Genghis Khan never invaded Japan, but his grandson Kublai Khan attempted to invade Japan twice, once in 1274 and once again in 1281. Although both Mongol invasions failed, they had significant political and cultural impacts on Japan.
To find out more about the Mongol invasions of Japan, read on.
The Invasion of 1274
In May 1260, Kublai Khan was crowned as the Khagan of the Mongol Empire, inheriting the title from his brother Möngke and leading to a civil war that lasted until 1264, preceding a period of disunity in the empire.
While the Mongol Empire was now fraught with internal conflict, Kublai Khan set about expanding his territory in East Asia and campaigned to conquer the Kingdom of Goryeo in the Korean Peninsula as a vassal in 1270, while pushing to conquer all of China in the 1260s and 1270s. He already held Mongolia and much of what is now northern China.
Kublai Khan would establish the Yuan Dynasty in China in 1271, naming himself as Emperor of China before finally defeating the Song Dynasty in 1279 and becoming the first non-Han Chinese emperor.
During Kublai Khan’s campaign to conquer the entirety of China, he sent a letter to the Japanese emperor demanding that they pay tribute. Kublai Khan received no response, with the Japanese shogun not even allowing his messengers to land on the main island of Honshu.
Angered by the Japanese, Kublai Khan prepared to launch an invasion of Japan, which was divided between competing clans and could only raise a force of around 10,000 soldiers in defense.
In 1274, the Mongols launched their first invasion of Japan from Masan in Korea with a fleet of hundreds of ships and first took the islands of Tsushima and Iki, killing all their inhabitants, before sailing east to Hakata Bay near Fukuoka.
Here, Mongol forces initially bested the Japanese samurai who fought according to the warrior code of bushido, thanks to a mix of more advanced technology and tactics. Samurai would often fight one-on-one, which made them vulnerable to attack.
After the Japanese samurai barely repelled the initial wave, Kublai Khan’s fleet was struck by a typhoon that sank an estimated third of his ships and killed around 13,000 soldiers and sailors, effectively ending the Mongol invasion.
As the conflict had been defensive, there were no new lands to give to Japanese soldiers as payment as was the normal custom, causing conflict between the Kamakura shogunate and the 10,000 samurai warriors who had fought against the Mongols.
The Invasion of 1281
Following the first invasion, Kublai Khan again sent delegations to Japan demanding that they pay tribute to the Mongol Empire. The Japanese executed the delegates and expected retribution, causing them to build large defenses in anticipation in Hakata Bay while Kublai Khan prepared an enormous attack planned for the spring of 1281.

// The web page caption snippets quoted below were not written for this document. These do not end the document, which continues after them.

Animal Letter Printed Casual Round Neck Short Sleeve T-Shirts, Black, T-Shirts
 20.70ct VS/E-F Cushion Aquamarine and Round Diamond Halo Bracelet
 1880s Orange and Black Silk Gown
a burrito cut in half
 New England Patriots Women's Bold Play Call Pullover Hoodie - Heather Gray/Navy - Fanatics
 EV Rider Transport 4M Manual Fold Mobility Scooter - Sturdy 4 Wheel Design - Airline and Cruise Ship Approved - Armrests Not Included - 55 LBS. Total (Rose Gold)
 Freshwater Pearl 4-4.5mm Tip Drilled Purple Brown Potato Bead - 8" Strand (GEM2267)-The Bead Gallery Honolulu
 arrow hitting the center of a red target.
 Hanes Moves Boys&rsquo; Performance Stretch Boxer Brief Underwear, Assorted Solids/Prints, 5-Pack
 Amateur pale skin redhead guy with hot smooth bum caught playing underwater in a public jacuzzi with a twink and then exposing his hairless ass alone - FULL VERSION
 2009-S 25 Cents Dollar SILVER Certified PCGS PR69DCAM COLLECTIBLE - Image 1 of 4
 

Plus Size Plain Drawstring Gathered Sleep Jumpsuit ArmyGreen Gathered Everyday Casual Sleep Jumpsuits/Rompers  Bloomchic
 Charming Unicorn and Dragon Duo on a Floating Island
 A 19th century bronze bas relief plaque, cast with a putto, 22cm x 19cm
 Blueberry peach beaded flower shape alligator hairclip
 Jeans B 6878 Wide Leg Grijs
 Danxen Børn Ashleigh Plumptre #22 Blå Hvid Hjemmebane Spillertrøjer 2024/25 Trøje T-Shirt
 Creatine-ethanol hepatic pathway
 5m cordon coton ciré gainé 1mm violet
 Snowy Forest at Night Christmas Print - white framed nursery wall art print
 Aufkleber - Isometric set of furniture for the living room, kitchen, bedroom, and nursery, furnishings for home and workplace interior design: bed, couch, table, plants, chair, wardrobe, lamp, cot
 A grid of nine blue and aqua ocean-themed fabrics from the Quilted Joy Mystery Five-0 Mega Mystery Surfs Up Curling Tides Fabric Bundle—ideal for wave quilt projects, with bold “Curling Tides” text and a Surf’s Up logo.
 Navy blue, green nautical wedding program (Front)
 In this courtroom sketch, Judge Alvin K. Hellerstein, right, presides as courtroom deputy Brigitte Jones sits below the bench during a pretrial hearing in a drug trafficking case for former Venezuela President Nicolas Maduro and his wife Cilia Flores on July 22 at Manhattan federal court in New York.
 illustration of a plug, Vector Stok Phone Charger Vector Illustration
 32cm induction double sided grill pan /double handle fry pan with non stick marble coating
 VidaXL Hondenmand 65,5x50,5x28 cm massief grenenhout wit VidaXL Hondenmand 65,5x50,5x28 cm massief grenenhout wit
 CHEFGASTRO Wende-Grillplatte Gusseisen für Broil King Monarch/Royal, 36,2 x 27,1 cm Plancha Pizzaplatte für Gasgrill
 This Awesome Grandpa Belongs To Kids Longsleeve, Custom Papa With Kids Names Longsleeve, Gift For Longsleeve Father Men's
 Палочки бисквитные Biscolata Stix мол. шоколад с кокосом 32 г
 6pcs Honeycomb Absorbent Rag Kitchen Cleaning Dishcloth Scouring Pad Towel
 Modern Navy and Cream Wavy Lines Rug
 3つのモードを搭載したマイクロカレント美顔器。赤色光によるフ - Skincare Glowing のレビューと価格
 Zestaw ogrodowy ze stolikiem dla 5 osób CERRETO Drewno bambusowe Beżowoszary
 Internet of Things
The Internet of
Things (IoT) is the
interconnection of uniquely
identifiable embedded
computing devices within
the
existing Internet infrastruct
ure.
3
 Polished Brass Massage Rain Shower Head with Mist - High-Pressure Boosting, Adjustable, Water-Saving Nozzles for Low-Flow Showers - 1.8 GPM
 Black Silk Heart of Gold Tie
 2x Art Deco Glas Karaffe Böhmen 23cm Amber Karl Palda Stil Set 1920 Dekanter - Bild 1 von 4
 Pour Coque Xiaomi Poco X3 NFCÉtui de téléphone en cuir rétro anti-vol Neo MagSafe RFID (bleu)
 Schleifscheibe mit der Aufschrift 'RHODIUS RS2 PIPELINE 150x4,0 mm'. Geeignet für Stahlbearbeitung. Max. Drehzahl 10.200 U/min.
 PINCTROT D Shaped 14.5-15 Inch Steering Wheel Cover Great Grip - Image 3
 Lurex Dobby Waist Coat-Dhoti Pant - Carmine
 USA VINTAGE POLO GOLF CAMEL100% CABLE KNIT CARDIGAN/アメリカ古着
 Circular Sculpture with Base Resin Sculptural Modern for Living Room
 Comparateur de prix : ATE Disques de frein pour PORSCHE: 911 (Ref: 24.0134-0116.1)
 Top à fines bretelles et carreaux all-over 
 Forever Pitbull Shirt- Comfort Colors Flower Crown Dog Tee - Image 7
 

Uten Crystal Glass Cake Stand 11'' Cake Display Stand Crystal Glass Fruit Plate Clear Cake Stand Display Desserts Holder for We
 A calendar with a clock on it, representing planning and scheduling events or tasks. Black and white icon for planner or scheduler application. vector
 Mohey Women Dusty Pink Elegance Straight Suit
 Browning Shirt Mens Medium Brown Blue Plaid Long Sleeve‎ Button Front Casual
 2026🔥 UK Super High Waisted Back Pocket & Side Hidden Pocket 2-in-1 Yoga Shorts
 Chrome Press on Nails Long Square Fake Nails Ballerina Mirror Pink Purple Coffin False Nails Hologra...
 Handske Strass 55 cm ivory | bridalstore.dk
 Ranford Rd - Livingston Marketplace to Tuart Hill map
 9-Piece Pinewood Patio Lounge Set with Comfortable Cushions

This time, the Mongols launched a two-pronged invasion with 40,000 Korean, Chinese, and Mongol troops coming in 900 ships from Korea and a further 100,000 sailed from the south of China in 3,500 ships. The Japanese sent 40,000 warriors to defend them.
The fleet from Korea arrived in June while the Chinese fleet would not arrive until August. The Mongol forces were unable to breach the Japanese defenses and Japanese counter attacks led to the destruction of Mongol ships during night raids.
Unable to break the stalemate, the first fleet awaited the arrival of the fleet from China. When the fleets converged in August, the Mongol fleet of some 4,400 ships was hit by a second typhoon, sinking the vast majority of the ships.
This led to Kublai Khan calling off the invasion, perhaps believing that Japan was protected by supernatural forces that the Japanese called “kamikaze” or divine wind.
The Mongol Empire never again tried to invade Japan and while it had been a remarkable victory for the Japanese, the demands for payment from samurai and priests, who expected remuneration for praying for the typhoon to come, led to resentment of the Kamakura shogunate and a period of subsequent instability.
The Kamakura shogunate was overthrown by Emperor Go-Daigo in 1333 before the Ashikaga clan seized power. The kamikaze also had a significant cultural impact, with stories of the defense passing down into legend.
Indeed, up until the defeat of Japan during the Second World War in 1945, there were many in Japan who believed that divine forces would protect Japan and that they could not be defeated.